[Stored data entries]
━━━━━━━━━━━━━━━━━━━━━━━━━━━━━━
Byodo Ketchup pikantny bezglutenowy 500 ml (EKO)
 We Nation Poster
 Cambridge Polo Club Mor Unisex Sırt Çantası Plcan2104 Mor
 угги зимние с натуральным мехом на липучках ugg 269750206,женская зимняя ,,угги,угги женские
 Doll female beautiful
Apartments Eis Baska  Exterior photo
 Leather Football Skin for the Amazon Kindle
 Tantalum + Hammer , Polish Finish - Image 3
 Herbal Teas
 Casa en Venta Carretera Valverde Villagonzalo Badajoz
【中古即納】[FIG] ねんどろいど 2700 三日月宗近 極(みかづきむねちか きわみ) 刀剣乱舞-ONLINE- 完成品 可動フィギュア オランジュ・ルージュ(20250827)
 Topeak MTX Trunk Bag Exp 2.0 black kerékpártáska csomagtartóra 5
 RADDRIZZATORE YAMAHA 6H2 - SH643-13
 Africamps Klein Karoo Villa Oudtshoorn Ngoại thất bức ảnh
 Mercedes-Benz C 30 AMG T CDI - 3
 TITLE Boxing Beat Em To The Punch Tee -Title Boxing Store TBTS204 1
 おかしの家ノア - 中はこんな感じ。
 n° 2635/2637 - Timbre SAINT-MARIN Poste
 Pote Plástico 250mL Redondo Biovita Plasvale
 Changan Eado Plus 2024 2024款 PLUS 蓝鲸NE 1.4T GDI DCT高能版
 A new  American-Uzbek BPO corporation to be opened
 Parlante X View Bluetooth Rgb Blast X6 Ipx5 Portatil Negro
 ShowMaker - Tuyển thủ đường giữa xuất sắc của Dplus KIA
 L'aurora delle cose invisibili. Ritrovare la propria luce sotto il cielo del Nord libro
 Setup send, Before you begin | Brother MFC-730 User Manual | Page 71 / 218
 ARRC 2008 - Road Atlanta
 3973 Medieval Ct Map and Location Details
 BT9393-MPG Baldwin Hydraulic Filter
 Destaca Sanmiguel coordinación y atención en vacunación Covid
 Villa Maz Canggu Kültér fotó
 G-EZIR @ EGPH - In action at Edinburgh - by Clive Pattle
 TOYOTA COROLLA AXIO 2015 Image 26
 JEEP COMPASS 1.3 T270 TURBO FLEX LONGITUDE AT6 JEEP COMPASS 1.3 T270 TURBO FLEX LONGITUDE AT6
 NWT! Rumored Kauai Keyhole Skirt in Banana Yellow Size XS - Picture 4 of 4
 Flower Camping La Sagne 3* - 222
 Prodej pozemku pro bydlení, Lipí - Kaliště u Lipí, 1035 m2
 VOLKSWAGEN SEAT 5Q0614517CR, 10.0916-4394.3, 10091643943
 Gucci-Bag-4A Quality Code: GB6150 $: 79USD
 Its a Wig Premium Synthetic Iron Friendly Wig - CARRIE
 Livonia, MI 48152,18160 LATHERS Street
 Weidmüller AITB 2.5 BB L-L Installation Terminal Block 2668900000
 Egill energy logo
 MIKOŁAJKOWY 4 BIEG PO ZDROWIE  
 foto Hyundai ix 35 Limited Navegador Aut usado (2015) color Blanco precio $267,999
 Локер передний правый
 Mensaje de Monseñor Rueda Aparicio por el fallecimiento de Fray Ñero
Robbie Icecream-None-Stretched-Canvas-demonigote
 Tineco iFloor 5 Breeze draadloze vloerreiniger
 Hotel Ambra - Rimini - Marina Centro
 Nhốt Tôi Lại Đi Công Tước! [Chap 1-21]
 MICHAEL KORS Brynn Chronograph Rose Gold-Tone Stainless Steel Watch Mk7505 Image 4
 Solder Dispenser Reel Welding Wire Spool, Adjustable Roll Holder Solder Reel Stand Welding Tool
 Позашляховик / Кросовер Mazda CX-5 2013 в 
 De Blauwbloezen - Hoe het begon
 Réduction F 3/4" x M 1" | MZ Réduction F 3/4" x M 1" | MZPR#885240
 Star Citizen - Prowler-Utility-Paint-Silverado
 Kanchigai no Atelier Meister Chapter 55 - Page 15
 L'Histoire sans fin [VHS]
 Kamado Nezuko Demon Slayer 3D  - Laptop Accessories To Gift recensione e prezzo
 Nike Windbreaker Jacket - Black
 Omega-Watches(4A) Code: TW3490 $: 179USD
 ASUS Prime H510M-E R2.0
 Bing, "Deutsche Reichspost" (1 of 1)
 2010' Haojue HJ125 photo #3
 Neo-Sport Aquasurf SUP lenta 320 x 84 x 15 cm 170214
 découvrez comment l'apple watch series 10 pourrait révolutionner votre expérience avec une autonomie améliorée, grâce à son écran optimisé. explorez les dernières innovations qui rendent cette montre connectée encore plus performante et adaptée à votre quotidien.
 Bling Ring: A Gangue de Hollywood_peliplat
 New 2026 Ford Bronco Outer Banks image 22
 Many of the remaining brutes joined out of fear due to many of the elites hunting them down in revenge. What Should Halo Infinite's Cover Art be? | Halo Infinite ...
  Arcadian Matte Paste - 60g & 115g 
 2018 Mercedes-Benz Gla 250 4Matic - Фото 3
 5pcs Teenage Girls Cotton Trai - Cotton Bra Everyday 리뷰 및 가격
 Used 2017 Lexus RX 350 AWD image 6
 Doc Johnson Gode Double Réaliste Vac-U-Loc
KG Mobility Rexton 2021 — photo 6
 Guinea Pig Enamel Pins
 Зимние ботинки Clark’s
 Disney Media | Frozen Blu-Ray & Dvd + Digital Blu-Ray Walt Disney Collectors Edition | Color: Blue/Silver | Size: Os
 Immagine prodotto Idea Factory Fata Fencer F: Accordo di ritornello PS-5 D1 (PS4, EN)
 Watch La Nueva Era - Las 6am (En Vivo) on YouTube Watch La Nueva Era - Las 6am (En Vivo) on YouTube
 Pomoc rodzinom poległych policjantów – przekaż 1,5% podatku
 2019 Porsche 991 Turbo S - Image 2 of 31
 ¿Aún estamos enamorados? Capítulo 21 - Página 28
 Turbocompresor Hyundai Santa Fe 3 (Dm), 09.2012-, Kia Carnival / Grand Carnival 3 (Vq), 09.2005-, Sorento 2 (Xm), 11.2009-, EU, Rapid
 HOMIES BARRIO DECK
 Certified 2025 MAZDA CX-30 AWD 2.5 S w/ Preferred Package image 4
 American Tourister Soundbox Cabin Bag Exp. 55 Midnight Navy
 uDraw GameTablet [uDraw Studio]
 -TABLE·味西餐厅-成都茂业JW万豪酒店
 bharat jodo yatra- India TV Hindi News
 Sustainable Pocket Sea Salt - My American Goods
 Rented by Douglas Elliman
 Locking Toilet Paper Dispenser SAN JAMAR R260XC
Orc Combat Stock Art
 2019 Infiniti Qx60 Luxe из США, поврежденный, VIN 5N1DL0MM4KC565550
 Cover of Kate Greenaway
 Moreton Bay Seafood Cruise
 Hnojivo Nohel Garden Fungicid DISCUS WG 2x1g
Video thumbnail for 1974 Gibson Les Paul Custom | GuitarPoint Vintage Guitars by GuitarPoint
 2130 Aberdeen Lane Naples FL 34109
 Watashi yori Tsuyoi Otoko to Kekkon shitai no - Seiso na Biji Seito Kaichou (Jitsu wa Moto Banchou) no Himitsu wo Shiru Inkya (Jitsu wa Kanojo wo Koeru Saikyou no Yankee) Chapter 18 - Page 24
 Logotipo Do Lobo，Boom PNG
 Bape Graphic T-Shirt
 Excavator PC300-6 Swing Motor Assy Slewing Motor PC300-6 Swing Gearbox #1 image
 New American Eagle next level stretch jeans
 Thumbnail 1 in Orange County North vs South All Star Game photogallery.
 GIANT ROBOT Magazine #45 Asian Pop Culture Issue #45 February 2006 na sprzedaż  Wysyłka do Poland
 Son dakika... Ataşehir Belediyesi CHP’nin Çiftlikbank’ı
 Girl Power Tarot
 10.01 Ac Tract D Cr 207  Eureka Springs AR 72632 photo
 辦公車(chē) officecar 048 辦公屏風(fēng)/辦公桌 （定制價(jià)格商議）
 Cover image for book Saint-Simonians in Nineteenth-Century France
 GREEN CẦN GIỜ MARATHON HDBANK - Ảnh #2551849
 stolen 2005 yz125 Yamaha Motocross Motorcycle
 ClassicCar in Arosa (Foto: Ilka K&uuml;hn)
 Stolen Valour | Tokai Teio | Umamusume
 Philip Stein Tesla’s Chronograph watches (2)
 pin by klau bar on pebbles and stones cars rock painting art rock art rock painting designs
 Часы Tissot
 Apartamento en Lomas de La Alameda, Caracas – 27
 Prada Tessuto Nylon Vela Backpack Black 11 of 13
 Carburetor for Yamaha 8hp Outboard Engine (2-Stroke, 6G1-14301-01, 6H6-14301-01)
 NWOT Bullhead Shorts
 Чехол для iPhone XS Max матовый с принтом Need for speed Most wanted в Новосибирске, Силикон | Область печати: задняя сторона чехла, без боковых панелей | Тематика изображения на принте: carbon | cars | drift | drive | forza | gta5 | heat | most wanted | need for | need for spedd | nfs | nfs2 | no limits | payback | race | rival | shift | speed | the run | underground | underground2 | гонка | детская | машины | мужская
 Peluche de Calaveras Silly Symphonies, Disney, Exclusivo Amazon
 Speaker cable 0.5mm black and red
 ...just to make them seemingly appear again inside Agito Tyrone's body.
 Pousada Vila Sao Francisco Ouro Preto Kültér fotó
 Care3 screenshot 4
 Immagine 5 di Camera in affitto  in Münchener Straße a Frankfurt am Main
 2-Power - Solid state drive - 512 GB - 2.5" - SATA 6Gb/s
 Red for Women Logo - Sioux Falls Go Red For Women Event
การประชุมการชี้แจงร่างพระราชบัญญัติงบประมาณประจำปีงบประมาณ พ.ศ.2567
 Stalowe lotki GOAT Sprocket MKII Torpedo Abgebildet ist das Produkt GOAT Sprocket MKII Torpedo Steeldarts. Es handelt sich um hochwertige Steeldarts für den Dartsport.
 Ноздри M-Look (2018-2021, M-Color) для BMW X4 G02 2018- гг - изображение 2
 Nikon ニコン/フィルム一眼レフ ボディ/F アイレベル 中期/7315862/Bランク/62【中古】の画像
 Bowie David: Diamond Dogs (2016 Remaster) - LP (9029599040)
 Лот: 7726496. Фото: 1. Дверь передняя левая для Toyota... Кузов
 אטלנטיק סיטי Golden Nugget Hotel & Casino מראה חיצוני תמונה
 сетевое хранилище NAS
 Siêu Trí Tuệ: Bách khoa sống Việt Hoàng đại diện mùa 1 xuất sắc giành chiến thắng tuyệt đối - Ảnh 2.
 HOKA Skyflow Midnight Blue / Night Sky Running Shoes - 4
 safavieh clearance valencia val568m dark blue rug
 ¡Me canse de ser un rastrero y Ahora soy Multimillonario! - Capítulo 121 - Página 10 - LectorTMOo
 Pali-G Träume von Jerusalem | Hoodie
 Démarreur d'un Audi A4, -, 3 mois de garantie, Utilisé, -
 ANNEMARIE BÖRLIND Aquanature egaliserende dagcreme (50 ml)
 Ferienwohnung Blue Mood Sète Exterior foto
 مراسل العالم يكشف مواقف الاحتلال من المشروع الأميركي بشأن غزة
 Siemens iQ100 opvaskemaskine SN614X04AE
━━━━━━━━━━━━━━━━━━━━━━━━━━━━━━
§ HOW TO COMPLETE THIS TASK
Among the lines above, please find those with "Mercedes" and copy them.

§ EXERCISE OUTPUT
 Mercedes-Benz C 30 AMG T CDI - 3
 2018 Mercedes-Benz Gla 250 4Matic - Фото 3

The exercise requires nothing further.